'Protocols were not followed': Here's why Trump's DHS wasn't able to stop the Capitol riot
Pro Publica

On Monday, NBC News released an analysis of the shortcomings of outgoing President Donald Trump's Department of Homeland Security that led to the failure to control the attack on the U.S. Capitol.

One of the biggest problems was that the agency had unseasoned staff who were more focused on immigration threats than anything to do with domestic terrorism.

"They tend to be younger, with not as much experience," said former DHS deputy chief of staff Elizabeth Neumann. "They don't have the incidents under their belts to know the proper protocols. So many protocols were not followed."

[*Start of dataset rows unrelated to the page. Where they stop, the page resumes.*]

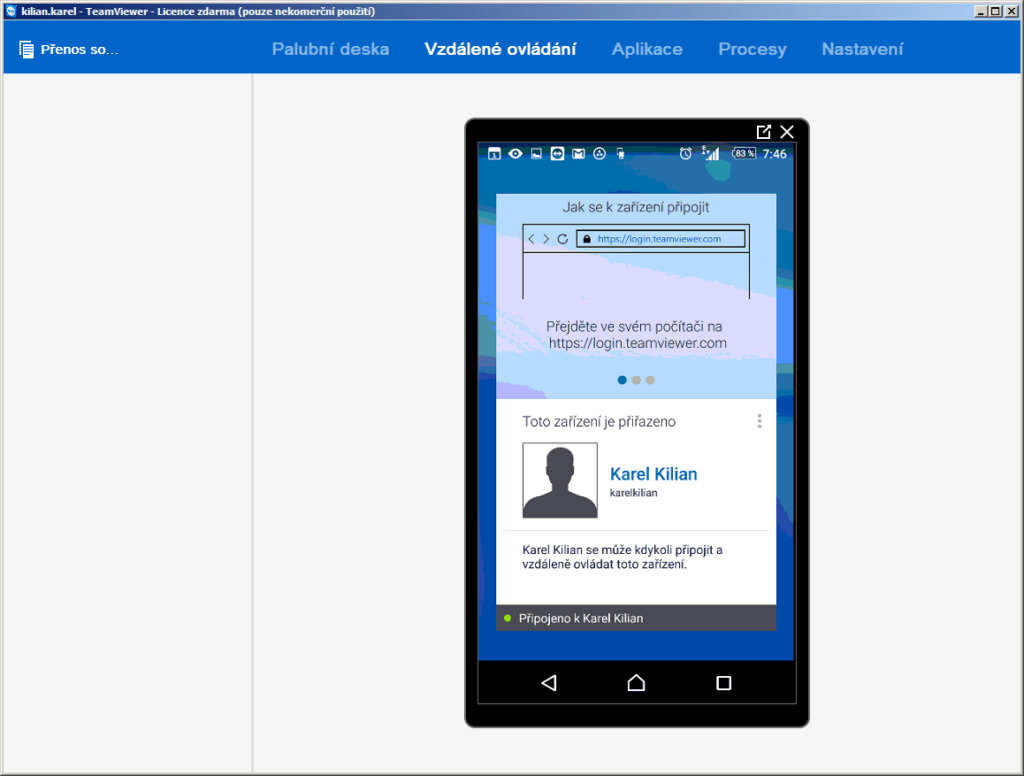 Vzdálené ovládání telefonu z desktopové aplikace
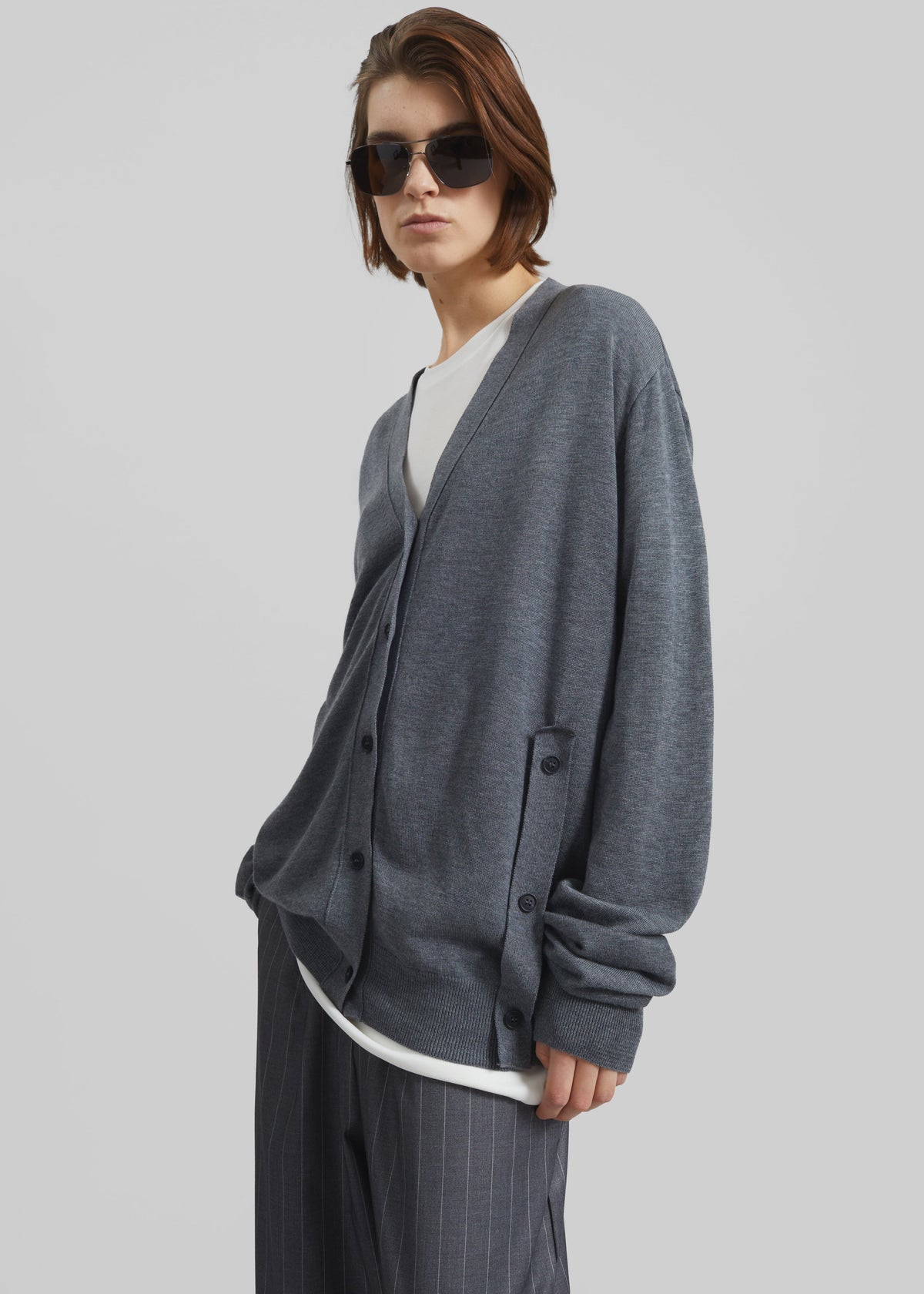 Calvane Two-Way Cardigan - Grey - 5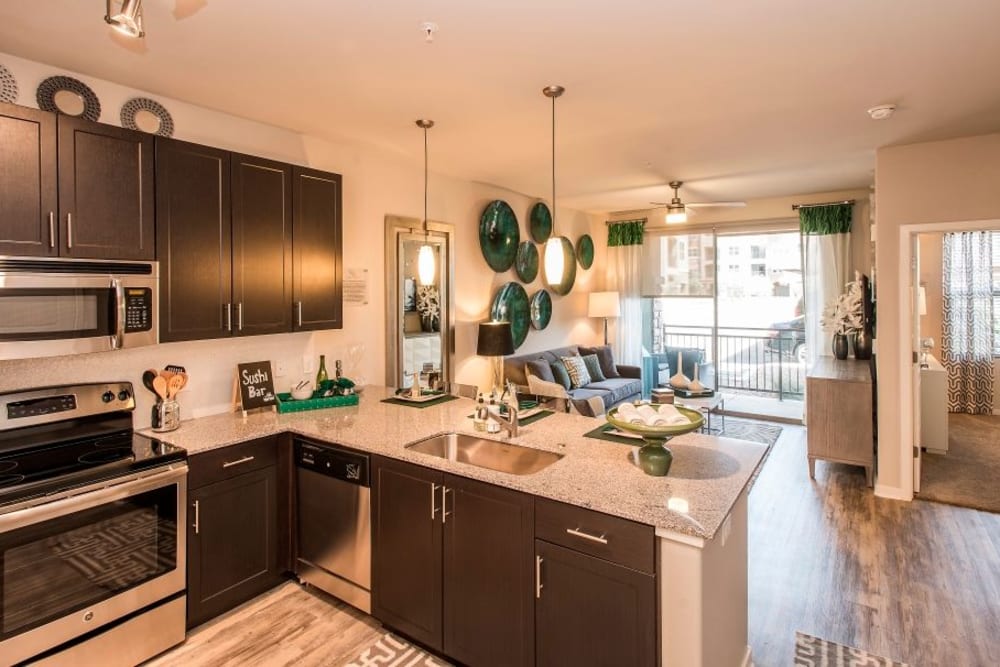 Spacious kitchen at Luxe Scottsdale Apartments in Scottsdale, Arizona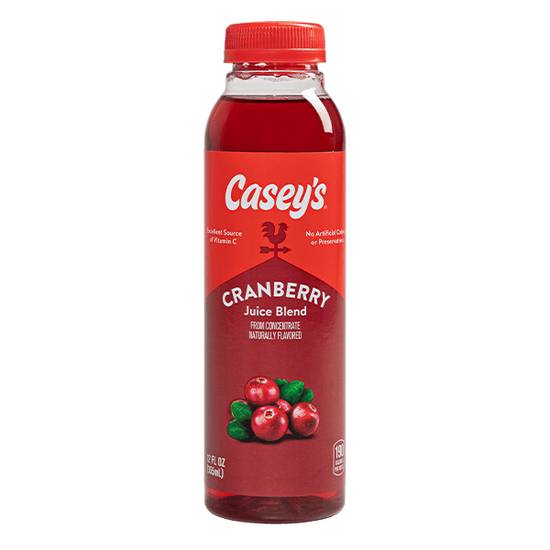 Order Casey's Cranberry Juice Blend 12oz food online from Caseys Carry Out Pizza store, Cedar Rapids on bringmethat.com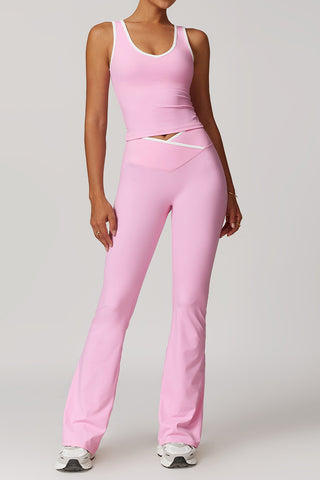Plunge Neck Contrast Trim Sport Set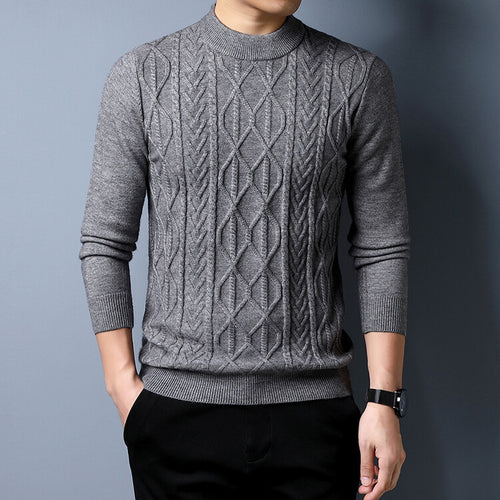 Herren Strickpullover mit strukturiertem Zopfmuster EB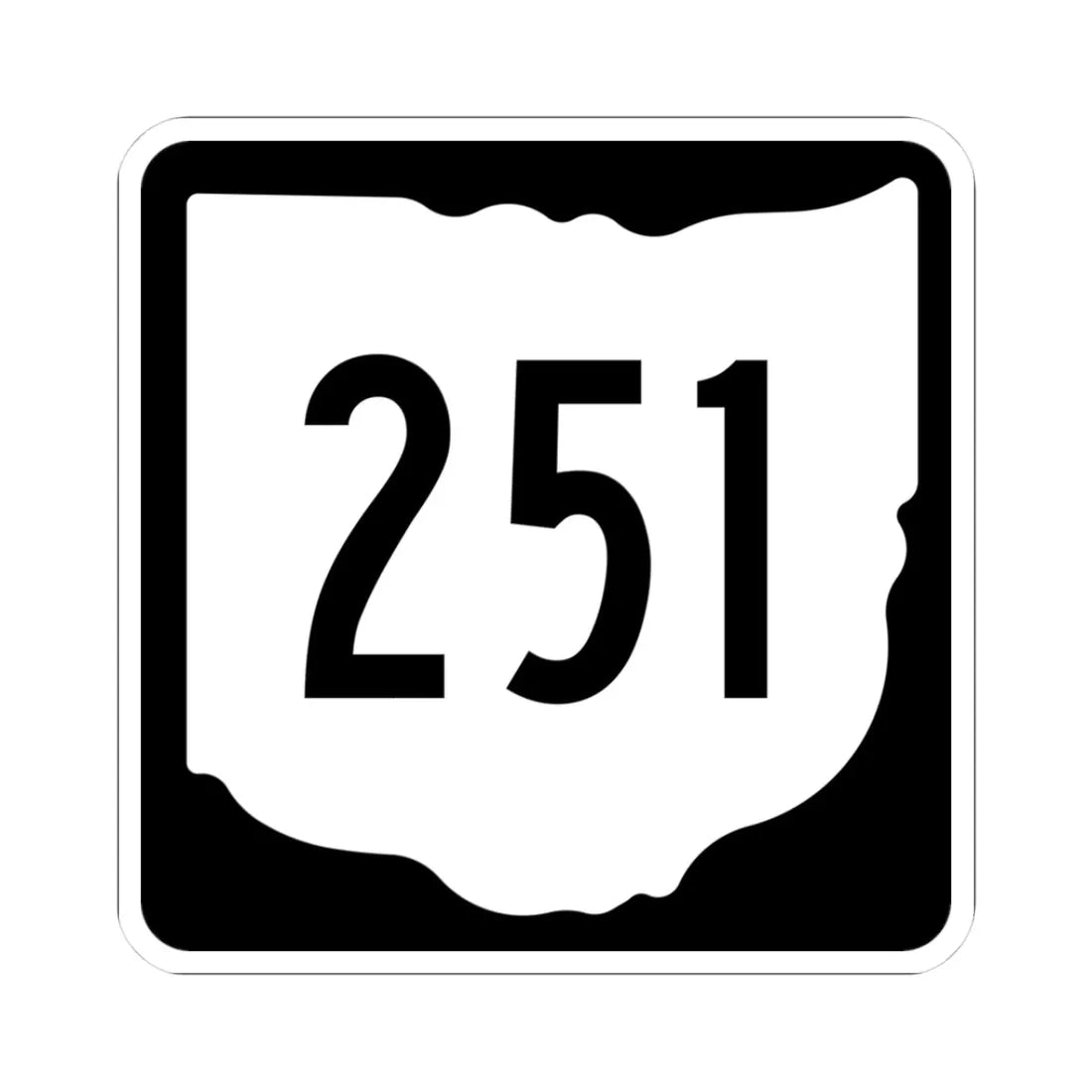 OH-251 1967 (Ohio) (Road Sign) STICKER Vinyl Kiss-Cut Decal 3 Inch White - The Sticker Space
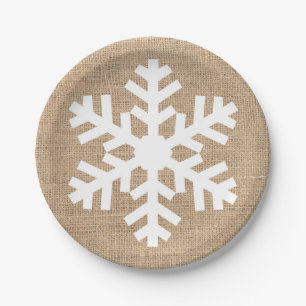 Modern Bauernhof Weihnachten Schneeflocke Rustikal Pappteller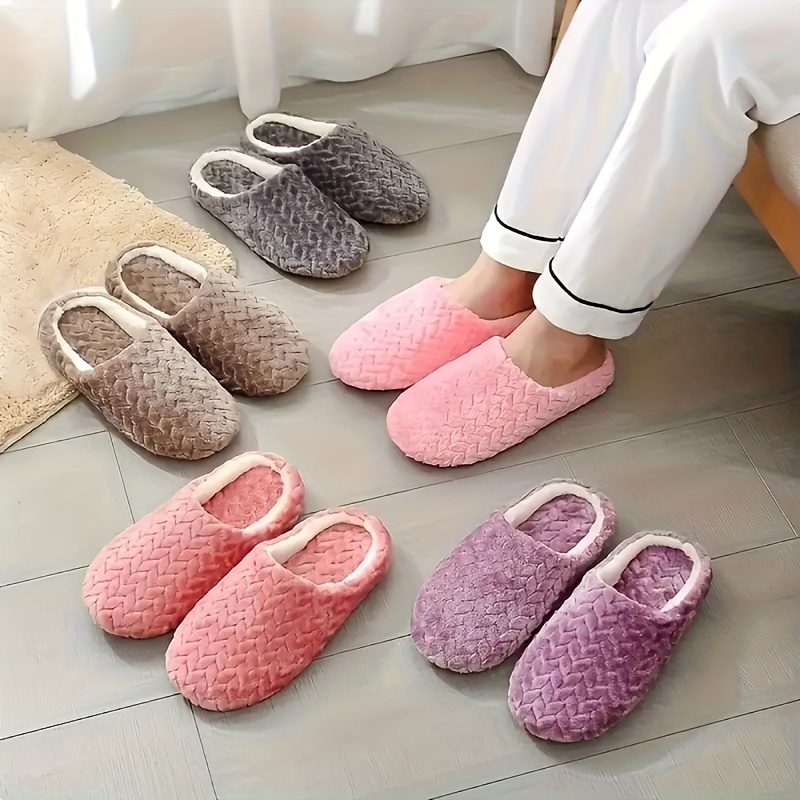 womens plush indoor slippers warm cozy closed toe non slip shoes home mute slippers details 0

"As armed rioters overtook police and moved into the Capitol, armed agents from DHS, an agency expressly designed to prevent another terrorist incident like the attacks of Sept. 11, 2001, stood inside a nearby building waiting for a command to deploy that never came," reported Julia Ainsley. "There is also no indication that DHS shared any intelligence with its state and local partners or with U.S. Capitol Police before Jan. 6 that would have indicated that the protests could turn into a riot."

"DHS also failed to designate the day of President Donald Trump's rally in Washington as a National Special Security Event, as it has now done with the week leading up to President-elect Joe Biden's inauguration Wednesday," said the report. "If it had done so, on Jan. 6 the Secret Service would have been able to coordinate with the National Guard and DHS' law enforcement agencies, including the Transportation Security Administration, Customs and Border Protection and Immigration and Customs Enforcement. But it was the four years of inadequately monitoring and communicating the rising threat of right-wing domestic extremists that ultimately led to DHS' failure to prevent the events at the Capitol, the former DHS officials said."

The Capitol assault included far-right extremists from around the country, including some who had embedded themselves into law enforcement.